02 June 2021

[sc]airquotes (vii)—The Challenge and Pretense of Conceptual Art

"It was Bertrand Russell who declared that the great discovery of the twentieth century was the technique of the suspended judgement. A.N. Whitehead, on the other hand, explained how the great discovery of the nineteenth century was the discovery of the technique of discovery. Namely, the technique of starting with the thing to be discovered and working back, step by step, as on an assembly line, to the point at which it is necessary to start in order to reach the desired object. In the arts this meant starting with the effect and then inventing a poem, painting, or building that would have just that effect and no other." (62)

Marshall McLuhan
Understanding Media (1964)
MIT Press edition (1994)

"If you have the right models...you can predict with great precision how the ice cube will melt—this is a specific engineering problem devoid of complexity... However, from the pool of water you can build infinite possible ice cubes, if there was in fact an ice cube there at all. The first direction, from the ice cube to the puddle, is called the forward process. The second direction, the backward process, is much, much more complicated. The forward process is generally used in physics and engineering; the backward process in nonrepeatable, nonexperimental historical approaches.

"In a way, the limitations that prevent us from unfrying an egg also prevent us from reverse engineering history."

N.N. Taleb
The Black Swan (orig. 2007)
2nd Ed. (2010)

Incidentally, Taleb also takes aim at Russell and the suspension of judgment:

"We cannot teach people to withhold judgment; judgments are embedded in the way we view objects. ... It is not possible without great, paralyzing effort to strip these small values we attach to matters. Likewise, it is not possible to hold a situation in one's head without some element of bias. ...

"Philosophers since Aristotle have taught us that we are deep-thinking animals, and that we can learn by reasoning. It took a while to discover that we do effectively think, but that we more readily narrate backward in order to give ourselves the illusion of understanding, and give a cover to our past actions. The minute we forgot about this point, the "Enlightenment" came to drill it into our heads for a second time. (Taleb, 202)

Time for another Enlightenment, I guess. Or maybe the Plague will suffice.

"The lesson for the small [matters] is: be human! Accept that being human involves some amount of epistemic arrogance in running your affairs."
So, re: the peculiar arrogance of believing that any work of art can have just that effect and no other on all of the people who might encounter it...is this a small matter?
"Do not try to always withhold judgment—opinions are the stuff of life. Do not try to avoid predicting—yes, after all this diatribe about prediction I am not urging you to stop being a fool.
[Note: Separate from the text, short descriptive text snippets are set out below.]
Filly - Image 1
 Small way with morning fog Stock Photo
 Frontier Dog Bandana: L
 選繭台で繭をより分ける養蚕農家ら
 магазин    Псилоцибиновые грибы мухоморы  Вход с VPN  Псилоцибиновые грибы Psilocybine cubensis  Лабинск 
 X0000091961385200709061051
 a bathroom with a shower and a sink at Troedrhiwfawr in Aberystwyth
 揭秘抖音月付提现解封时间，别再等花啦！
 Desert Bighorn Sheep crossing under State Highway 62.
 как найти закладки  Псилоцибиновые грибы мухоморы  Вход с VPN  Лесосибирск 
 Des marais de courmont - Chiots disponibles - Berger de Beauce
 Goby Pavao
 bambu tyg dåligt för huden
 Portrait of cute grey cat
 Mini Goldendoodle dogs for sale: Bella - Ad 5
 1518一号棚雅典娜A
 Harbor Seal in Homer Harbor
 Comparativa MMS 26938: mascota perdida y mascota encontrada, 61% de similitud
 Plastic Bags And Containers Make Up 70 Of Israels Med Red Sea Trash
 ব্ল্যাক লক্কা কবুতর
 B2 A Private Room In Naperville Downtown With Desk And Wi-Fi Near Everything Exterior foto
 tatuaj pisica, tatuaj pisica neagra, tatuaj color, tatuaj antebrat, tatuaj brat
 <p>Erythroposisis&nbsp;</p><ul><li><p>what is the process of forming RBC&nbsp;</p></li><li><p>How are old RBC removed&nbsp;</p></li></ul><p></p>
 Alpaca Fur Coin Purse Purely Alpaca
Just be a fool in the right places." (Taleb, 203)
Is artmaking the right place to be a fool? In most ways, yes, emphatically, it is perhaps the best such place. But is this also true re: prediction about the audience? How about re: epistemic arrogance about the audience? If so, what hellish effect or concept does that betoken?
"Know how to rank beliefs not according to their plausibility but by the harm they may cause."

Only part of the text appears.